Morkies:  Lovable Yorkie-Maltese Mixes

Morkie (Maltese and Yorkshire Terrier Mix)Morkie: Yorkshire Terrier + Maltese

by Janice Jones     |Last updated 01-06-2024

Also known as a Yorktese and Malki , these little dogs seem to have the best of two awesome breeds, the Yorkshire Terrier and the Maltese.

Their appearance might surprise you as some Morkies end up resembling one of the parent breeds more than a blending of appearances. Most of these little guys tend to resemble the Yorkie, but they can also look very much like the Maltese with lots of white hair. 

The Yorkshire Terrier is best known for its spunky, outgoing personality with a big heart and fearless temperament; they will gladly warm your heart and your lap.  They make great watch dogs and can be feisty at times.  They do not shed, but need regular brushing.  These dogs fit well in any home that is looking for a pet with lots of spirit and loyalty.

The Maltese is best known as a breed with a gentle, loyal, affectionate personality.  These dogs too are non-shedding so fit well with a family suffering from allergies.  They are playful, bubbly, and totally devoted to their owner.

Personality of Morkies

Morkie PuppyMorkie Puppy

What do you have when you put them together—A Morkie or a Yorktese—a super sweet combination. Morkies are always one-half Yorkshire terrier and one-half Maltese and can take on characteristics of one or both parents. 

It can be difficult to determine the size of a Morkie due to the fact that the offspring can take on characteristics from each breed involved. Generally, Morkies range in height between 6-15 inches and weigh between 5-10 pounds, depending on the size of their parents. 

Most are small averaging around 7 to 8 pounds as adults.

Morkies love people and are very friendly, social and loving.  They also do well with other dogs.  They are extremely loyal to their owners and often become attached to one person.

Like the Maltese, a Morkie may become bored when left alone too long and display behaviors such as chewing and barking because they long for human companionship.  Separation anxiety can be a problem. 

This is a Morkie, named Puck from NMm, USAMeet Puck, from Blaine, MN, USA. The name Puck is from the sprite/fairy from Shakespeare’s Midsummer Night's Dream

Exercise Requirements

They do not require much exercise, but love a romp in the yard or an occasional walk and you might be surprised at how some Morkies are much more energetic than others.  

They can be very rambunctious and playful and generally get all the exercise they need indoors.

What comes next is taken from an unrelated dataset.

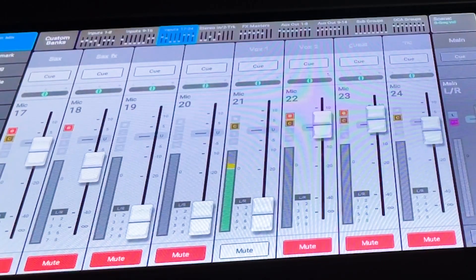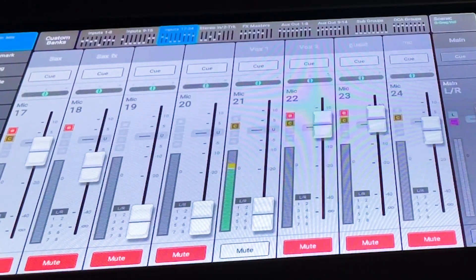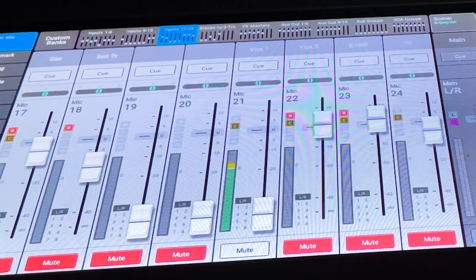The input gain is the first component of the signal chain once the signal enters the mixing console. All other processing in your mixing console, including EQ, is affected by the input gain setting.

Normally, the coat of the Morkie is silky, straight and fine. Usually the hair is long if left uncut and comes in a variety of colors such as black, tan, white, a combination of each. 

If the parent Yorkie has colors other than the traditional blue and tan or blue and gold, the resulting Morkie can see these more unusual colors including chocolate.   They do need regular brushing to keep the coat looking its best because the hair can get tangled.

They can also be prone to tear staining if their face is white. On the bright side, they are non-shedding and somewhat hypoallergenic.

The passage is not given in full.